LIMINAL DAYS


A couple of days before our week-long trip to Iceland, I asked my professor Karla Rothstein, “What is it that we’re looking at while we’re there?” She simply replied, “We’re not there to look at anything. We’re there to experience Iceland.” At the time, all I had was an imagined picture of a place I’d never seen, paired with the excitement of what the week might hold. But once I arrived, I finally understood what she meant.

We spent most of our time in the northern part of the island, beginning in Akureyri, and each day felt like stepping into an entirely new world.
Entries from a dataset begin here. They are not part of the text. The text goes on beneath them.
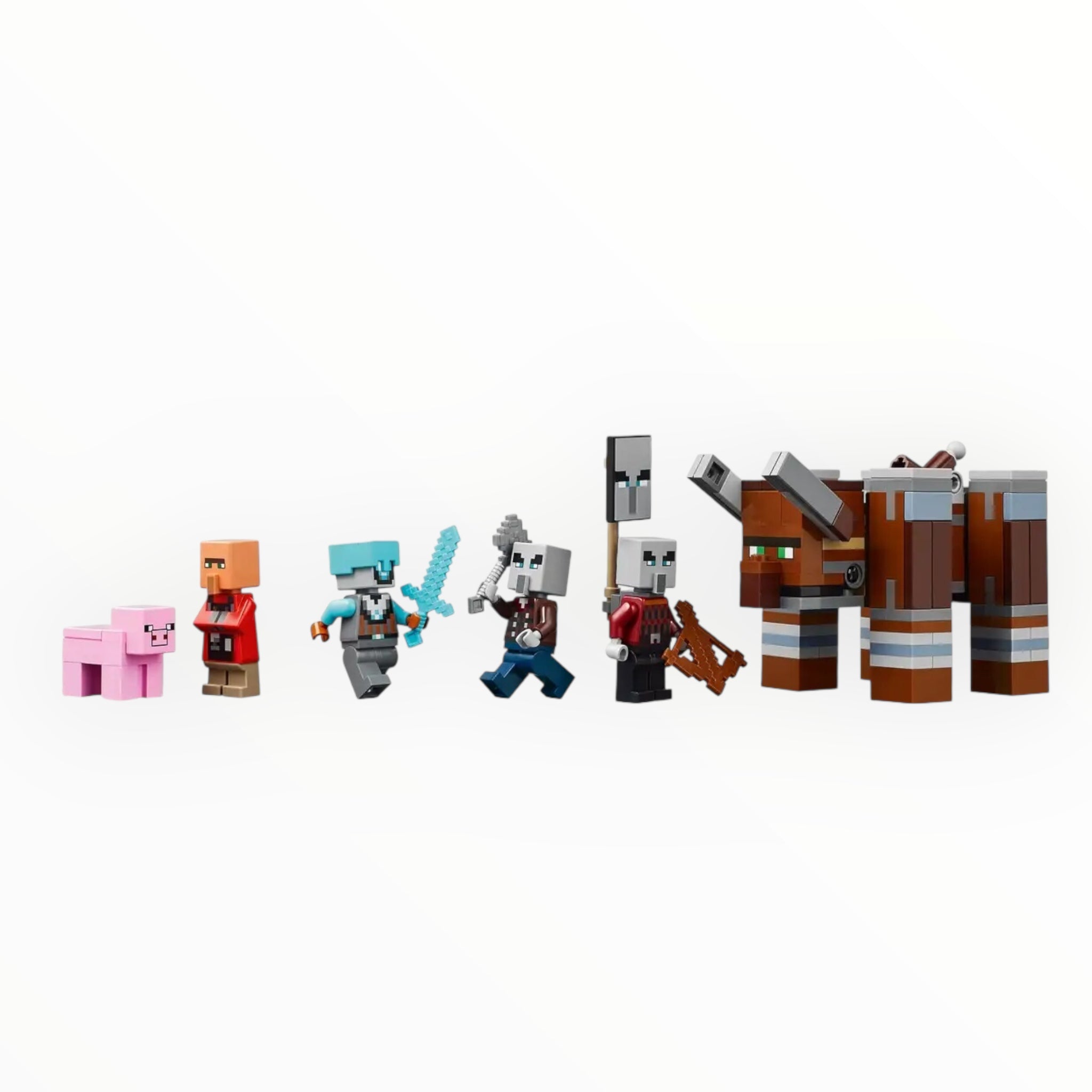 21278 Minecraft The Pillager Outpost and Ravager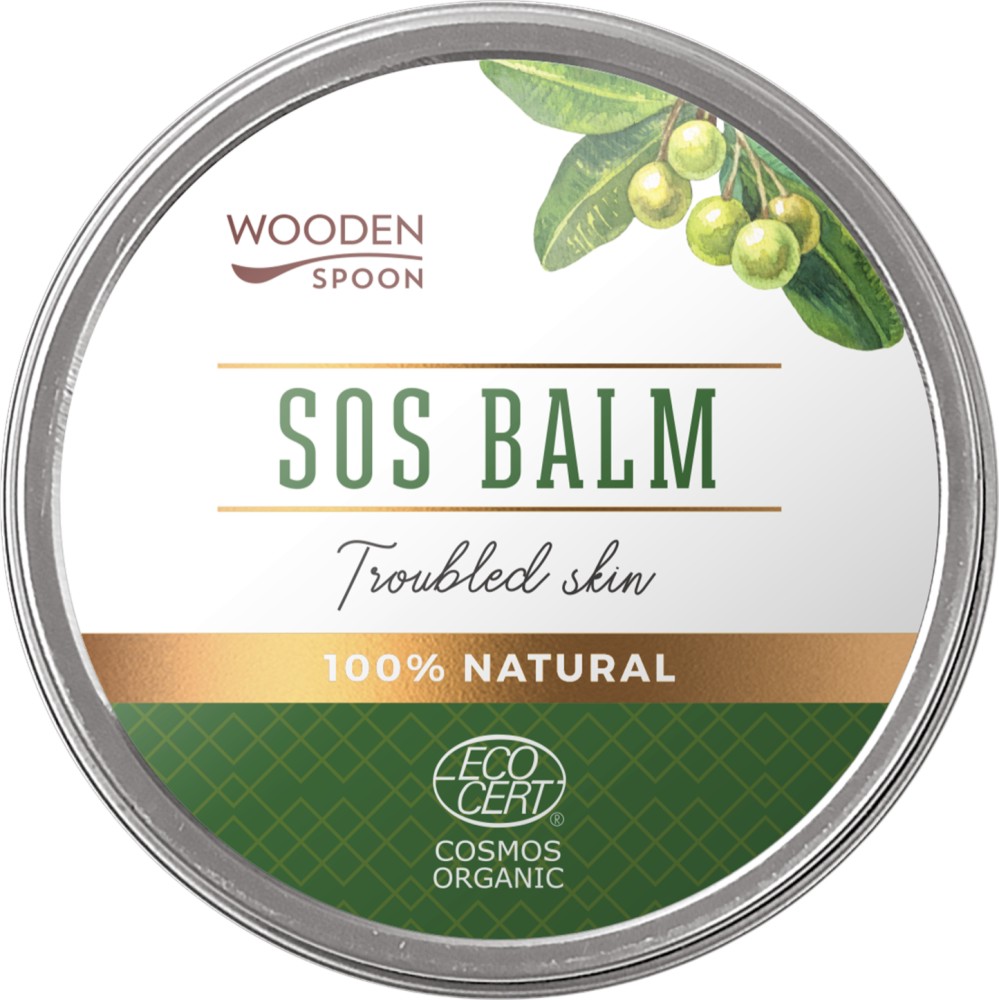 Wooden Spoon Troubled Skin SOS Balm - ��� ������ �� ��������� ���� � ����� �� ������ � ������ ����� - ������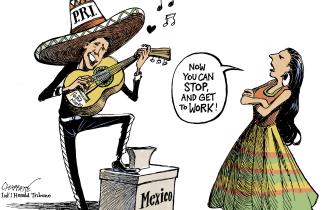 Peña Nieto wins Mexico election | Globecartoon - Political Cartoons -  Patrick Chappatte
What first appeared to be pristine, untouched landscape slowly revealed itself as a dense, layered system—alive, shifting, and ancient—at the far edge of the earth. There, you could feel nature in its most commanding, unfiltered form.

I felt like a child in an enormous laboratory: standing where tectonic plates meet, crawling into subterranean caves warmed by hidden springs, gazing at endless seas while soaking in thermal pools rich with sulfur that stained our swimsuits. And, of course, the aurora—when it finally appeared—felt nothing short of surreal. Its shifting light made you instantly aware of your own smallness in this vast, extraordinary universe.

No one can truly describe the essence of Iceland. Photographs can try, offering glimpses and approximations, but they never capture that overwhelming intensity—the way the landscape holds you, humbles you, and pulls you entirely into the present. You have to stand there yourself, in that raw expanse, to feel it.